MENTAT stands for Mistake-Aware prompt Evolver with Neural Training And Testing. This method integrates batch-reflective prompt optimization with neural ensemble learning, functioning as a two-phase process. In Phase 1, the LLM evolves its prompt through error-driven analysis, adapting iteratively to its own prediction patterns. This batch processing approach helps uncover systematic errors and optimize prompts beyond individual examples.

Phase 2 involves using the refined prompt from Phase 1 to generate multiple rollouts for each example. An MLP aggregates these stochastic predictions, harmonizing the variance and leveraging the LLM's reasoning power while circumventing the quantization limitations of direct numerical predictions. This dual-phase procedure enhances model performance on RiR tasks by offering data-efficient adaptations.

Evaluation and Results

The paper provides a thorough experimental evaluation across various configurations with distinctive baselines such as NeoBERT and LLM prompting with GPT-4.1 and GPT-5. The results indicate a significant performance boost using MENTAT, especially noticeable in more reasoning-demanding tasks like mathematical error detection, where it recorded up to a 46.2% improvement over the detailed prompting baseline.
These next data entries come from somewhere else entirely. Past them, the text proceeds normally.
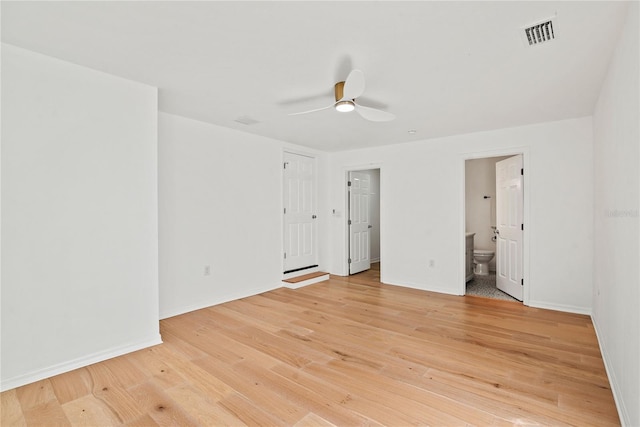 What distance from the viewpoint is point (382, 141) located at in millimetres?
5156

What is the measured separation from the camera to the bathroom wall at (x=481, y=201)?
6.32m

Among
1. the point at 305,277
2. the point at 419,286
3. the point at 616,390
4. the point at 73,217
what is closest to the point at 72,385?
the point at 73,217

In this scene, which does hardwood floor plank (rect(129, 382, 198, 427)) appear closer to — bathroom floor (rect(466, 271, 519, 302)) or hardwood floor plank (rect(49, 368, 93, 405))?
hardwood floor plank (rect(49, 368, 93, 405))

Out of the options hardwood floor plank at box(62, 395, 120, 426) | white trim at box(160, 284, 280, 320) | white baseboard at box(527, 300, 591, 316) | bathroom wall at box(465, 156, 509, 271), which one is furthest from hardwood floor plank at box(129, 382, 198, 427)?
bathroom wall at box(465, 156, 509, 271)

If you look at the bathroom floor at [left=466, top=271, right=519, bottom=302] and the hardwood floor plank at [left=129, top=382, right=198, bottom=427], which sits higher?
the bathroom floor at [left=466, top=271, right=519, bottom=302]

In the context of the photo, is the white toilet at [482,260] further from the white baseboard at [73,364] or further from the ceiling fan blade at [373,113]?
the white baseboard at [73,364]

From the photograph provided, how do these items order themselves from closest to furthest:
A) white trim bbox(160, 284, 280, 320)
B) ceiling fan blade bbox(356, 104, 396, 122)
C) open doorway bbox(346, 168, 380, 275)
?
ceiling fan blade bbox(356, 104, 396, 122) < white trim bbox(160, 284, 280, 320) < open doorway bbox(346, 168, 380, 275)

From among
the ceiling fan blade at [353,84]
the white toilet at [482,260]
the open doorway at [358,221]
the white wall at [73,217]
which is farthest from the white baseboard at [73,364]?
the white toilet at [482,260]

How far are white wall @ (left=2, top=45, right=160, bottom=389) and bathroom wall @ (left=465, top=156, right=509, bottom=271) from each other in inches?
233

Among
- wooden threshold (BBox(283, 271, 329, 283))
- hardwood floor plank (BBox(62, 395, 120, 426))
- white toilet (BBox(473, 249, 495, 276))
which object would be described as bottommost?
hardwood floor plank (BBox(62, 395, 120, 426))

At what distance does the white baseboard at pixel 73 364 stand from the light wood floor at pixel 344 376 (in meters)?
0.06

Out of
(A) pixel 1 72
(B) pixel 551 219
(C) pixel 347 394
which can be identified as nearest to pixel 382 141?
(B) pixel 551 219

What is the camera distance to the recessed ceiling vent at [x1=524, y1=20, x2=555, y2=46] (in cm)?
194

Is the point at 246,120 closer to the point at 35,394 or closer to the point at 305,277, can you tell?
the point at 305,277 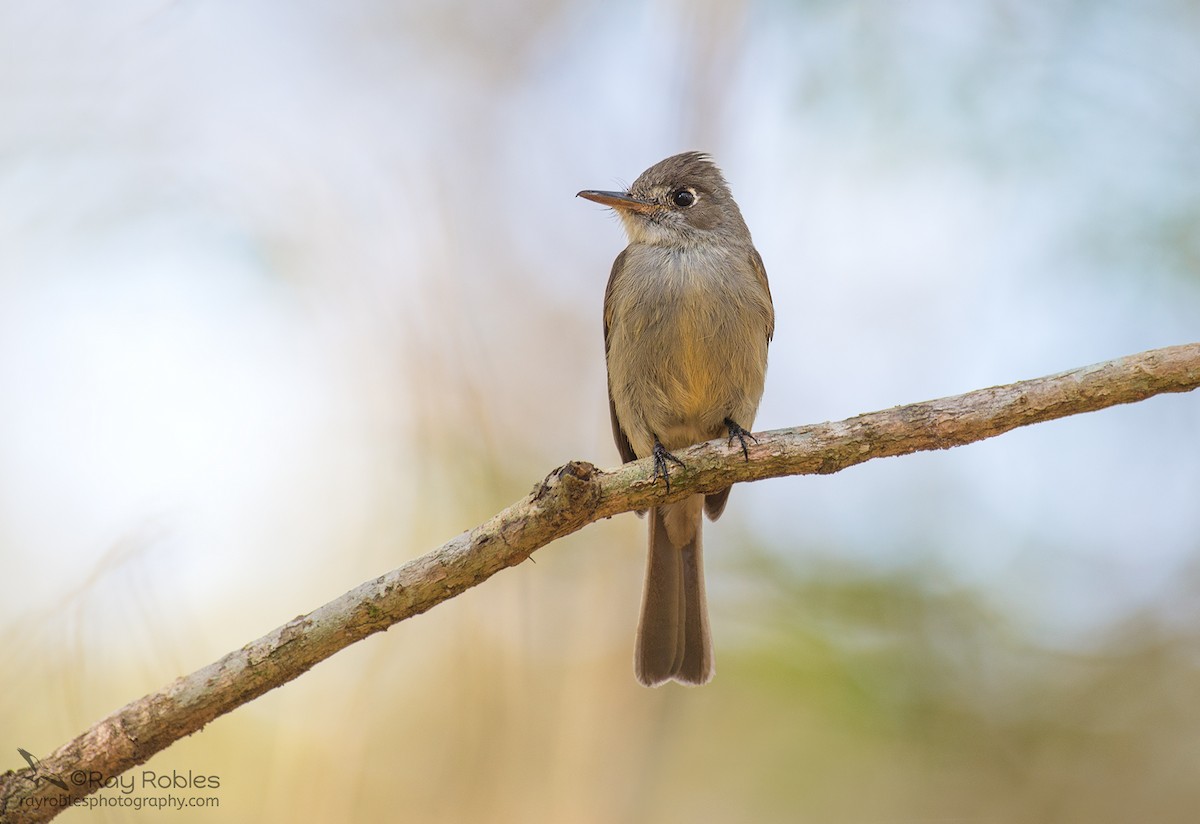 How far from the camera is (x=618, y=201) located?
529 cm

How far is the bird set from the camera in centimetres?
471

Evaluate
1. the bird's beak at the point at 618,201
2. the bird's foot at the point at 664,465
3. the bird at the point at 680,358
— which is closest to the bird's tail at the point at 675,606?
the bird at the point at 680,358

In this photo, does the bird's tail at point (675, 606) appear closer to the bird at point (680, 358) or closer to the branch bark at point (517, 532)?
the bird at point (680, 358)

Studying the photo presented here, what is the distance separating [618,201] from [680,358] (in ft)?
3.42

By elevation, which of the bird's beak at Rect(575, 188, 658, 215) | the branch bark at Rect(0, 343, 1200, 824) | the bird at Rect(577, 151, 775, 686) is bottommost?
the branch bark at Rect(0, 343, 1200, 824)

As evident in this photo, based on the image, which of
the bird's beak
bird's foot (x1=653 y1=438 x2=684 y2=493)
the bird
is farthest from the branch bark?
the bird's beak

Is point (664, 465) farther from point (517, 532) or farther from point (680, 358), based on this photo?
A: point (680, 358)

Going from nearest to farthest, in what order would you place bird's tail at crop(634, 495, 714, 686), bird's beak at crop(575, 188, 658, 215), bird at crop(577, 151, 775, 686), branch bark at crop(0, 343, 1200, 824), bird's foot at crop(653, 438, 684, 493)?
branch bark at crop(0, 343, 1200, 824) < bird's foot at crop(653, 438, 684, 493) < bird at crop(577, 151, 775, 686) < bird's tail at crop(634, 495, 714, 686) < bird's beak at crop(575, 188, 658, 215)

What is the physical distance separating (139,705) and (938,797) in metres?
4.11

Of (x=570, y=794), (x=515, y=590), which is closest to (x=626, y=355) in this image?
(x=515, y=590)

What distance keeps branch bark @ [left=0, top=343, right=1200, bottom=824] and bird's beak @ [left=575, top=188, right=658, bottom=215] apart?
6.85ft

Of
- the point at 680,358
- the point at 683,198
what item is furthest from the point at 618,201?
the point at 680,358

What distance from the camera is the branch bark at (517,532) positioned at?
2.86 m

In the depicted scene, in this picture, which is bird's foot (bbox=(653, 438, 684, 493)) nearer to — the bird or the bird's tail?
the bird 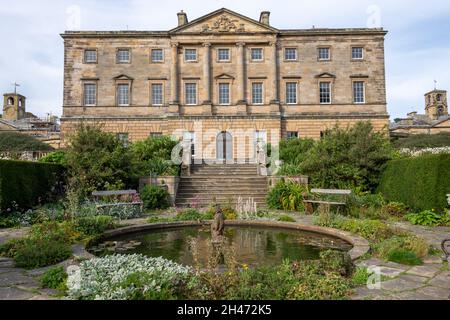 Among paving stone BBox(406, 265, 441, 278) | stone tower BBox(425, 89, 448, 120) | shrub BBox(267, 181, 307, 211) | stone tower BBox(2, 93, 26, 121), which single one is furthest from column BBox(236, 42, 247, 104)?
stone tower BBox(2, 93, 26, 121)

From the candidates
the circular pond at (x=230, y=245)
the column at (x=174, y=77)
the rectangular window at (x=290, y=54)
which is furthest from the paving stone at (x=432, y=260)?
the rectangular window at (x=290, y=54)

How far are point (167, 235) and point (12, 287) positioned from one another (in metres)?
4.93

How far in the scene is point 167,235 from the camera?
9422 millimetres

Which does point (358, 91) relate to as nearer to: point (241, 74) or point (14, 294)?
point (241, 74)

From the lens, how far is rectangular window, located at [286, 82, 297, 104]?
28453 mm

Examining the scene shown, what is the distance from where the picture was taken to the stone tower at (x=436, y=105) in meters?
62.1

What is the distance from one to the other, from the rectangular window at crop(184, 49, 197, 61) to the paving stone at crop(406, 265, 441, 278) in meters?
25.9

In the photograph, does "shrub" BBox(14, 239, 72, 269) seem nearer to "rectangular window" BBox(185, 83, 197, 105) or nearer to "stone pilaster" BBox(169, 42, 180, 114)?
"stone pilaster" BBox(169, 42, 180, 114)

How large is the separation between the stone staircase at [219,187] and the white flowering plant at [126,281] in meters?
10.0

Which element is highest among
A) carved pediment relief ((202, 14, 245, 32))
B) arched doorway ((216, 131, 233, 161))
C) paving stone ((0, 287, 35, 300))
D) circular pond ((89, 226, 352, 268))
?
carved pediment relief ((202, 14, 245, 32))

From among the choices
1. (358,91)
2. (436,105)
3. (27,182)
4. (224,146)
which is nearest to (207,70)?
(224,146)

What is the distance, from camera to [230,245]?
26.4 feet

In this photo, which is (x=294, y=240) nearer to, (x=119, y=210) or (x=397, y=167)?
(x=119, y=210) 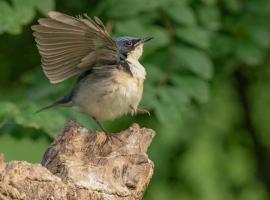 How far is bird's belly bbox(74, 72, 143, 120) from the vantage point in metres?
5.71

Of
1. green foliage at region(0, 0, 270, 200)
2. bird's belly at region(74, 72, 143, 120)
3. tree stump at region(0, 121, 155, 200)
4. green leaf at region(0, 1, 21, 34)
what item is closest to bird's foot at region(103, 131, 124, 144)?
tree stump at region(0, 121, 155, 200)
In terms of regression metrics, the Concordance Correlation Coefficient (CCC) emerged as a more reflective metric of performance over traditional NMSE, capturing both correlation and systematic bias—a critical feature for understanding the true effectiveness of RiR problem-solving strategies.

Figure 1: On regression for detecting the first math error, a finetuned NeoBERT model collapses to mean predictions, while MENTAT's performance exemplifies better CCC.

In particular, in the pairwise RAG comparison task, an unexpected result was observed where GPT-4.1 outperformed GPT-5. This highlights challenges such as over-deliberation by more powerful reasoning models, showcasing the complexity inherent in balancing reasoning depth with regression precision.

Figure 2: Pairwise RAG distributions of mean rollouts versus ground truth, illustrating gpt-5's center-seeking behavior versus gpt-4.1's better distributional adherence.

Challenges and Future Directions

The research identifies notable challenges, especially regarding LLM's inherent quantization tendencies in numerical outputs, demanding hybrid solutions like MENTAT that can bridge reasoning capabilities with precise numerical prediction. The exploration of RiR tasks has broader implications across AI domains, suggesting a trajectory toward developing comprehensive models that integrate reasoning and regression in more coherent frameworks.

Additionally, MENTAT's success suggests that future work could extend its principles to more extensive RiR benchmarks and explore multi-stage LLMs or more sophisticated neural aggregation techniques to further close the gap in performance.

Figure 3: Distribution of decimal endings in LLM predictions shows clustering bias requiring nuanced aggregation techniques.

Conclusion

The paper advances the understanding of how LLMs can be adapted to tackle reasoning-intensive regression tasks efficiently. By introducing MENTAT, it opens new avenues for leveraging LLM architectures in domains that necessitate simultaneous reasoning and regression prowess. Nevertheless, substantial opportunities for refining and further enhancing RiR methodologies remain, particularly as AI systems continue to evolve toward greater reasoning sophistication and numerical precision.